World stock indexes declined on Tuesday, with Wall Street well into negative territory in afternoon trading, while the U.S. dollar fell to a two-month low and Treasury yields eased after data suggesting a cooling in the U.S. labor market.
The U.S. Labor Department report showed U.S. job openings in February dropped to the lowest level in nearly two years.
In addition, a separate report showed new orders for U.S.-manufactured goods fell for a second straight month in February amid ebbing demand for civilian aircraft.
The yield on two-year Treasuries, which typically moves in step with interest rate expectations, fell to 3.838%.
Crude oil prices were near flat after Monday’s sharp rally tied to Sunday’s announcement of an output target cut by the Organization of the Petroleum Exporting Countries (OPEC) and its partners.
Brent crude rose 1 cent to settle at $84.94 a barrel, while U.S. crude gained 29 cents to settle at $80.71.
The recent spike in oil prices has added to concerns about higher costs for businesses and consumers, but some investors think U.S. data signaling some cooling in the economy could possibly allow the Federal Reserve to loosen monetary policy.
The Dow Jones Industrial Average (.DJI) fell 238.53 points, or 0.71%, to 33,362.62, the S&P 500 (.SPX) lost 28.15 points, or 0.68%, to 4,096.36 and the Nasdaq Composite (.IXIC) dropped 78.02 points, or 0.64%, to 12,111.43.

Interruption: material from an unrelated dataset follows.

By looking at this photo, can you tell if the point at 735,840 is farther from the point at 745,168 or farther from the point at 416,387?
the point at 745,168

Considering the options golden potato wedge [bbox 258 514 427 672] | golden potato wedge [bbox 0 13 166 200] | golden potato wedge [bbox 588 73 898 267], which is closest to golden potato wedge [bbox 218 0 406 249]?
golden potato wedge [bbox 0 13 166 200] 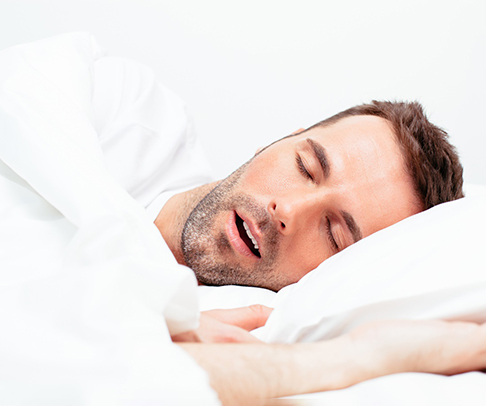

The Fed and other central banks have been raising interest rates to bring down inflation, and investors have been trying to gauge how much longer the tightening cycle will continue.
“Cooling down of the labor market is one of the things necessary to combat inflation,” said Andrzej Skiba, head of the BlueBay U.S. fixed income team at RBC Global Asset Management in New York.
On Tuesday, rate futures markets were pricing in a roughly even chance of a 25 basis-point rate hike in May, with rest of the odds tilted toward a pause from the Fed. On Monday, the probability of a 25-bp hike was more than 65%.
The U.S. dollar index was last down 0.4% after falling to its lowest level in about two months, while the euro was up 0.5% at $1.09520.
“We believe the buck will slowly but surely continue to dwindle as the challenges of a recovering economy that wants to get away from dollar dominance will put downward pressure on its value,” said Juan Perez, director of trading at Monex USA in Washington.
The Australian dollar came under pressure after the Reserve Bank of Australia left interest rates unchanged after 10 straight increases. It was last down 0.7% against the U.S. dollar at $0.6737.
Spot gold added 1.8% to $2,020.53 an ounce.